Kali ini Angga memilih untuk tidak menggunakan poin, intinya tidak membeli lewat sistem, karena selain harganya yang lebih mahal, kini dia juga sudah punya uang.

Angga membelikan triplets masing-masing satu sepeda mini agar tidak menimbulkan iri satu sama lain. Sepeda yang dibelinya juga bukan merek mewah, hanya merek biasa dengan harga murah. Itu pun sudah membuat triplets senang ketika mengetahuinya.

"Anak-anak, lihatlah apa yang dibelikan Papa!" seru Angga sembari menunjuk tiga sepeda mini yang berjajar di depan rumah.

Lia sontak berlari dengan raut sumringah, menghampiri sepeda mini berwarna pink plus ada keranjang kecil dan boncengannya juga. "Wahh, baguš cekali cepedanya! Lia cangat cuka!"

"Nio juga cuka."

Lio hanya mengangguk menyetujui.

"Nio, Lio, kalian pilih mana yang kalian suka!" Angga menyuruh keduanya memilih antara sepeda mini berwarna biru dan hijau. Kali ini sepeda khusus laki-laki, tidak ada keranjang maupun boncengan.

"Nio mau yang bilu!"

"Kalau begitu, aku hijau." Lio berkata mengalah. Lelaki kecil itu menerima dengan mudah dan lapang hati.

Ding!

"Selamat, Tuan rumah.
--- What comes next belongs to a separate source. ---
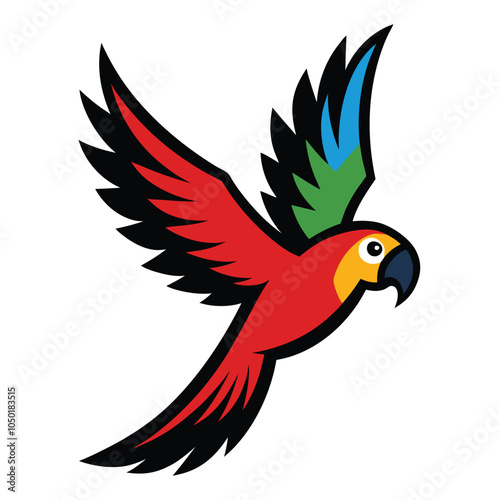 Solid color Macaw animal vector design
Karena Anda membuat kebahagiaan anak-anak meningkat serta memudahkan mereka saat pergi ke sekolah, Anda akan dihadiahi 600 poin tambahan."

Ah, Angga tak menyangka ada hal semacam itu.

"Anak-anak, ayo makan dulu! Setelah itu kita akan belajar sepeda bersama-sama." ujar Angga mengingatkan.

"Baik, Pa!"

Setelah makan, Angga mulai mengajari triplets cara bersepeda. Tetapi tidak dengan mencontohkan karena sepedanya saja sangat kecil dan pendek. Sepeda ini benar-benar sepeda mini untuk anak-anak.

Tapi karena ada tambahan roda pembantu di belakang sehingga anak-anak takkan terjatuh walau dilepaskan sendiri.

Setelah belajar beberapa saat, dapat Angga akui kalau mereka itu pintar. Mudah memahami sesuatu. Seperti saat belajar sepeda ini, baru satu hari Lio dan Nio sudah pandai. Bahkan mereka menyuruh Angga untuk melepaskan roda bantu. Berbeda dengan Lia yang masih tersentak-sentak, roda bantunya saja tak ingin dilepas. Takut jatuh nanti katanya.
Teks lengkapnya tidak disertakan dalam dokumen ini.